From: Jeff Heflin <heflin@cse.lehigh.edu>
Date: Tue, 12 Nov 2002 10:54:43 -0500
Message-ID: <3DD12443.FCE375F4@cse.lehigh.edu>
To: pat hayes <phayes@ai.uwf.edu>
CC: www-webont-wg@w3.org


I can live with this the proposal. It seems like we have to go to a lot
of trouble to make this fit into RDF, but we made our bed, I guess we
have to lie in it. I'd like to hear what others (especially Peter),
think of this idea.

I have a few comments on the wording, please see below...


pat hayes wrote:
> >Pat,
> >
> >The proposal we were discussing on the telecon today is at:
> >
> >http://lists.w3.org/Archives/Public/www-webont-wg/2002Nov/0004.html
> >
> >I hope you can come up with wording that you find suitable, while not
> >changing the basic idea considerably.
> OK, I will write it in terms of triples, hope that is OK with you.
> -----------
> Short version.
> aaa owl:imports bbb .
> means that the document aaa asserts the content of the document bbb.
> If this occurs in document aaa itself, then it means something like
> 'I assert bbb', ie it means the same there as if you had copied the
> OWL content of bbb and inserted that into aaa in place of the imports
> triple. Call this an "I-import triple". Since this rule applies to
> any owl:imports assertions in bbb, and so on, the assertion of a
> document amounts to the assertion of the imports closure of the
> document. Therefore, a document containing an I-import triple entails
> anything which is entailed by the imports closure of the document
> referred to be the object, in the usual sense of 'entails'.
> This does not, however, mean that a reasoning engine is obliged to
> actually perform any fetching or inserting operations when it comes
> across an imports statement; the use of the term 'assert' here can be
> understood as meaning something like 'assent to' or 'agree with'.

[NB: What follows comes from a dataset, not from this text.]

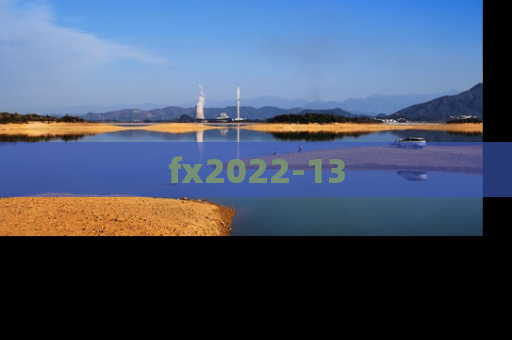 fx2022-13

I object to singling out imports for this kind of statement. This is
true for every construct in the language. For example, a reasoner is not
OBLIGED to compute the subsumption hierarchy given a set of complex
class descriptions, but if it doesn't then it cannot be considered a
complete (as in sound and complete) reasoner for the language. We should
make clear the difference between obligation and entailment in general
for the language.

> If bbb does not identify an OWL document, the 'imports' statement is
> equivalent to importing an empty graph, ie it is vacuously true, ie
> meaningless; the graph means the same as the subgraph got by erasing
> it.
> If aaa contains
> bbb owl:imports ccc .
> where bbb does not identify aaa, then this does not entail any
> consequences of ccc (or its closure.) The difference is somewhat
> analogous to that between
> (bbb implies ccc)
> and
> (bbb and (bbb implies ccc))
> -----------
> Long version.
> The truth conditions for owl:imports are non-standard in two ways,
> both of which require us to modify the semantics, but in ways that
> are orthogonal to the other semantic issues, fortunately.
> First, they are given for a particular token of owl:imports in a
> particular document, and may be different for other tokens of the
> same triple in other documents. This is actually not possible in a
> conventional semantic theory, but we will tackle it directly by
> altering the semantic rules. An interpretation is usually defined in
> terms of a mapping from a vocabulary, ie a set of names. We will
> instead consider this to be a mapping from a set of name *tokens*,
> where we will say that for all tokens not in an imports triple, that
> all tokens of a given name map to the same meaning. This reproduces
> the usual semantics for the rest of the language but allows us to
> distinguish one token of owl:imports from another. (To sum up, one
> could say that the meaning of owl:imports is *essentially indexical*
> (http://csli-publications.stanford.edu/site/1575862697.html) )
> Second, they use urirefs to refer to documents, in ways that go
> beyond the standard semantic rules for RDF but which have been argued
> for by many eminent authorities. So let us follow those authorities
> and say that any token of an absolute HTTP URI in an imports triple
> must always be interpreted as denoting the document which would be
> retrieved by using the HTTP protocol on the WWWeb, so that for
> example I(http://www.coginst.uwf.edu/~phayes) is required to be a
> certain document with a picture of an idiotic grin on it, in all
> interpretations. This leaves open the issue of how to define
> 'document', but we need not do that, since the only documents we need
> to worry about are OWL documents that define an OWL/RDF graph; so we
> will treat all such HTTP URIs as denoting an OWL/RDF graph, and if
> there isn't any OWL in the document, or if you get a 404 error, then
> that is the empty graph.
> However, since the result of an HTTP operation depends on the state
> of the WWWeb, the truth of any particular owl:imports token may vary
> depending on the state of the web. Inferences made from any such
> triple should therefore be considered to incorporate an implicit
> reference to the state of the WWWeb at the time the inference was
> made. Users SHOULD use some means to distinguish state-dependent
> inferences from non-state-dependent inferences. Owl:imports is the
> only item in the OWL namespace that requires this special treatment.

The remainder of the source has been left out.